En nu moet men zich aan deze werkmethode van het Koninkrijk van God houden, als men het conflict zuiver wil houden. Tast men deze werkmethode zelf aan, dan krijgt men wel conflicten, maar niet het conflict: Jezus Christus. En de werkmethode van het koninkrijk van God aantasten gebeurt, wanneer men het heilige aan de honden geeft en de parels voor de zwijnen werpt. Wanneer men dus de geboden van binnen de kring van het Koninkrijk buiten zijn kring uitdraagt, en daar bekend maakt, en tracht op te leggen. Men kan dit doen om zo ook buiten de kring van het Koninkrijk het leven gezond te maken, en het zijn glans weer te geven. En als nu bijv. de Wereldraad van Kerken oproept om de vrede tussen de volkeren te bevorderen, dan roept hij op, om de geboden van het Koninkrijk van God buiten zijn machtssfeer uit te dragen. Hij kan dit doen met de beste bedoelingen, om de heerlijkheid van het Koninkrijk ook in de internationale verhoudingen te laten doorbreken. Maar hij vergeet nu, dat hij in strijd gekomen is met de werkmethode van het Koninkrijk zelf. En het gevaar is, dat men zich juist tegen deze Wereldraad van Kerken zich zal keren. En als men zich erover verbaast, hoe het mogelijk is, dan is dat dezelfde verbazing van iemand, die bezig was parels voor de zwijnen te werpen, en nu niet begrijpt, dat die beesten op het afkomen.

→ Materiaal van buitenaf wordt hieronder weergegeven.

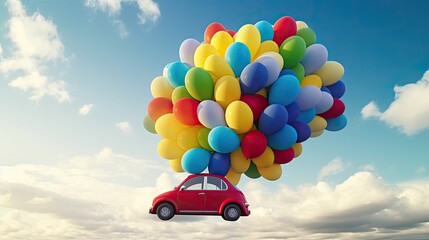 car with attached multicolored balloons flies high in blue sky, new car as gift for holiday, fast tr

Het heilige aan de honden geven en de parels voor de zwijnen werpen is ten diepste streven naar een verkeerde machtsontplooiing van het Koninkrijk van God. Men is diep onder de indruk gekomen van de klacht, dat dit Koninkrijk niets veranderd heeft in de wereld, dat het Christendom een fiasco is. En nu wil men harder gaan werken, om iets van dit Koninkrijk van God aan de wereld te zien te geven. En men vergrijpt zich aan de werkmethode zelf: eerst voor het koninkrijk winnen en dan de geboden van het koninkrijk opleggen, gelovende, dat zó de wereld wordt overwonnen.

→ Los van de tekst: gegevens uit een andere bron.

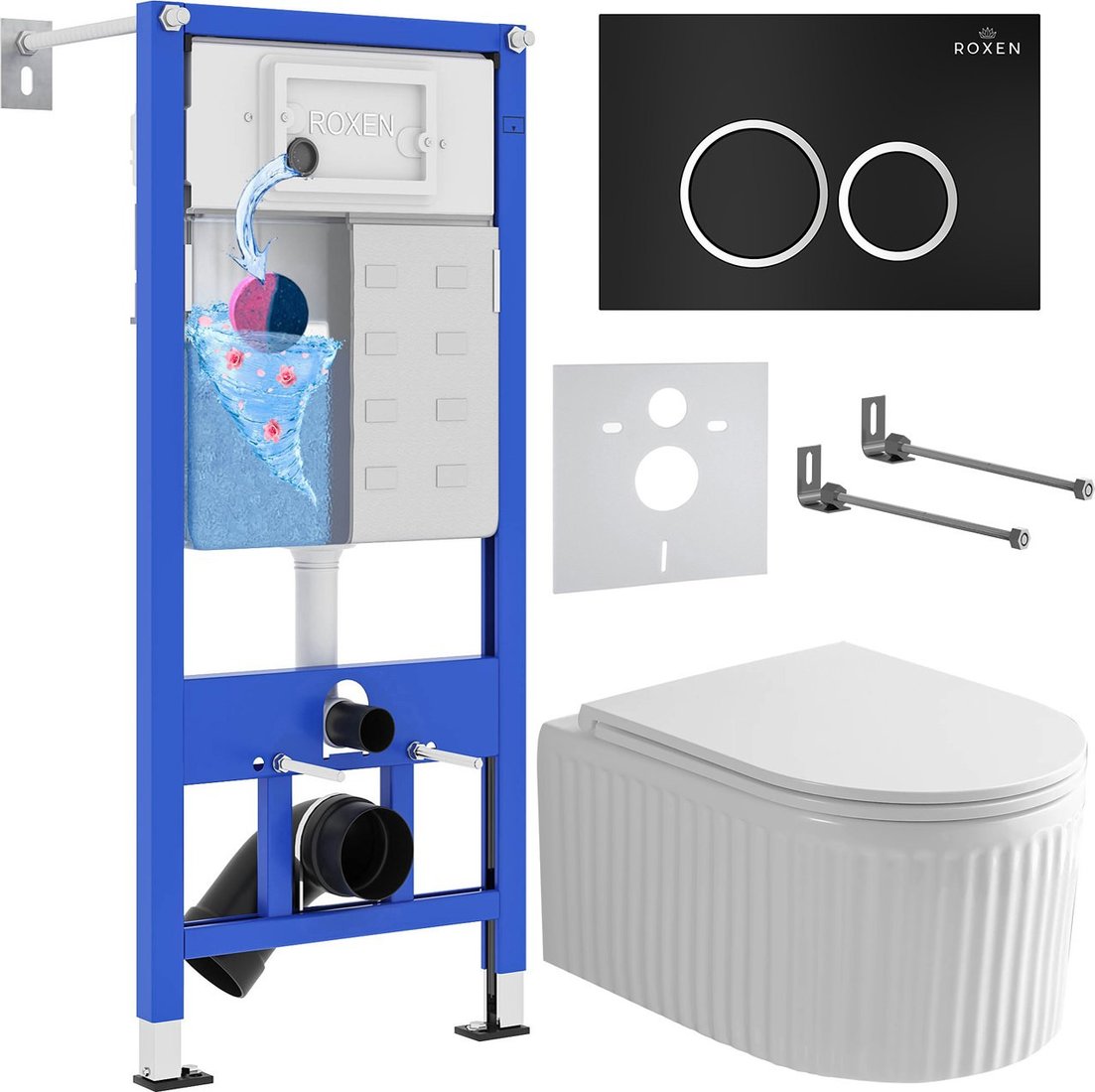 Унитаз подвесной Roxen Royal Matt в комплекте с инсталляцией StounFix Dual Fresh 6 в 1 968231 (кнопка: черный)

En straks zal men verbaasd staan, dat men zich tegen hen keert. Maar de Heiland heeft ons reeds gewaarschuwd om de gebieden van het Koninkrijk van God en wereld zuiver te scheiden om op die manier het conflict, dat er wezenlijk is, en dat straks ook uitbreken zal, zuiver te houden. De waarschuwing is om onszelf niet in gevaar te brengen door onzuivere conflicten, waarbij wij niet eens kunnen zeggen, dat de smaadheid van Christus op ons gekomen is.

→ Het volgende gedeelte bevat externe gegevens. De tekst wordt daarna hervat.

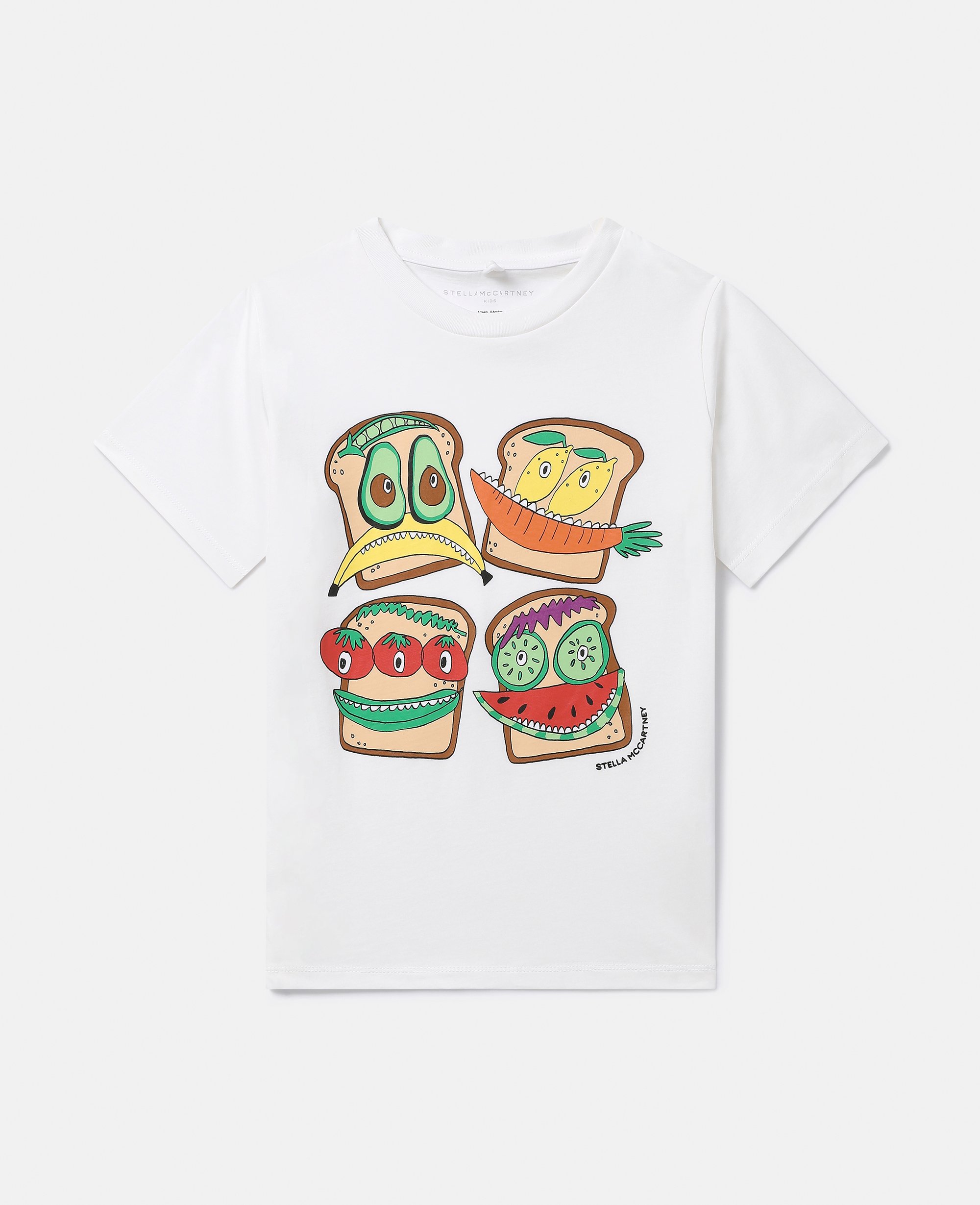 Stella McCartney – Veggie Sandwich T-Shirt, Woman, Ivory, Size: 10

De grote vraag van onze tijd is, zullen wij blijven bij de werkmethode van het Koninkrijk van God. Ook deze werkmethode is ergernis en dwaasheid. Wij geloven in de triomf van het Koninkrijk van God.
Houd het conflict zuiver.
[1] Overgenomen en licht gemoderniseerd uit: E.Th. van den Born, Van Souvereine Liefde (Goes: Oosterbaan & Le Cointre, z.j.).